В числе современных работ по истории военного строительства следует упомянуть неопубликованную диссертацию А. В. Кухарука[48]. Объектом исследования в ней выступает Большая Действующая армия – ключевой инструмент военной политики Николая I в 1831–1853 гг. Используя материалы фондов Военно-исторического архива (РГВИА), автор последовательно раскрыл механизм развертывания вооруженных сил в ходе Восточного кризиса 1833 г., опасного обострения противоречий с Францией в 1839 г. и революции 1848–1849 гг., а также рассмотрел участие Действующей армии в Венгерском походе и Крымской войне. Кухарук уделил внимание князю Варшавскому и пришел к ряду интересных выводов. С его точки зрения, специфические условия Крымского театра военных действий и осадной войны под Севастополем не позволяли русским войскам в полной мере проявить свои боевые возможности по ведению маневренной войны в поле, на которую была ориентирована их организация. Он также отмечал, что группировка русских сил, за исключением сравнительно короткого периода весной – летом 1855 г., отвечала целям сдерживания Австрии, то есть именно той задаче, которая имела первостепенную важность в обстановке навязанного России затяжного противостояния на измор.
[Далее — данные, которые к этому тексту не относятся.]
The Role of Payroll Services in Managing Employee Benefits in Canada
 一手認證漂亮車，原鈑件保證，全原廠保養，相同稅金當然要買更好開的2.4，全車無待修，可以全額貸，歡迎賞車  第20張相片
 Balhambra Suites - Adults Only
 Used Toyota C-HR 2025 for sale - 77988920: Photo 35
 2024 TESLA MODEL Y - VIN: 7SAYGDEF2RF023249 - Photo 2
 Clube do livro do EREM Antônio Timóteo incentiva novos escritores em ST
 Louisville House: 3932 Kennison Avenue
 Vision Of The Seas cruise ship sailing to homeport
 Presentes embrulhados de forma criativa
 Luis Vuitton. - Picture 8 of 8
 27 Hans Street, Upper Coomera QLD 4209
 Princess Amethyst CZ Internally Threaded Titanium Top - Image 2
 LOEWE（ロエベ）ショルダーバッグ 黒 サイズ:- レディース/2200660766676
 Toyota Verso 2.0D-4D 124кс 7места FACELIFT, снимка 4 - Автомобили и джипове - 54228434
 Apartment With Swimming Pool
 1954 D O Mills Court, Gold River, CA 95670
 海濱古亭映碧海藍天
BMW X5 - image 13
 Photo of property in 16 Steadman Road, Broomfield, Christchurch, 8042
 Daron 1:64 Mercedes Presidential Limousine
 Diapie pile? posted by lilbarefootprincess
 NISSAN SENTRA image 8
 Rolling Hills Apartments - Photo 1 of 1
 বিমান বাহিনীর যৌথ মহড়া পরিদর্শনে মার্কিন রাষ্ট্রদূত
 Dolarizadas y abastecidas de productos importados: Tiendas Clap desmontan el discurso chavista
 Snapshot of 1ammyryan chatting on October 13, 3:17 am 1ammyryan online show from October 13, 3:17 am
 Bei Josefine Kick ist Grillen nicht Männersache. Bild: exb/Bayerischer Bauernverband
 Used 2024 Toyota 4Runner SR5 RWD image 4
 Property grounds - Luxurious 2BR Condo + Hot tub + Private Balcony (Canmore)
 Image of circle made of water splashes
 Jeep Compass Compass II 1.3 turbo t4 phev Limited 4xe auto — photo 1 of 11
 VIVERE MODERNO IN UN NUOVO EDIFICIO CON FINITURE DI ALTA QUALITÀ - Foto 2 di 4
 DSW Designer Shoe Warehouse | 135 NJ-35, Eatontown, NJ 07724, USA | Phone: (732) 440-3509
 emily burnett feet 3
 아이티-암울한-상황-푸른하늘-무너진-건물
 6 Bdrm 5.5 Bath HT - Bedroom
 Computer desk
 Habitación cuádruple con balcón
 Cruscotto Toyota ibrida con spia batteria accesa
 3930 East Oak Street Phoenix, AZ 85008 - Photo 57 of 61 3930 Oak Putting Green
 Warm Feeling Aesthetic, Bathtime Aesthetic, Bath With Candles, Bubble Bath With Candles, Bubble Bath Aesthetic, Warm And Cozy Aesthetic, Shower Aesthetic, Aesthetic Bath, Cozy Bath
Однако специфика исследовательской работы заключалась в том, что предметом изучения выступала не роль князя Варшавского в стратегическом планировании, а эволюция структур Большой Действующей армии и практика их использования в конфликтах 1830-1850-х гг. Кухарук утверждал, что Россия проиграла Крымскую войну постольку, поскольку она просто не могла ее выиграть. В одиночку сокрушить западноевропейскую коалицию было не под силу даже сильнейшей армии Европы.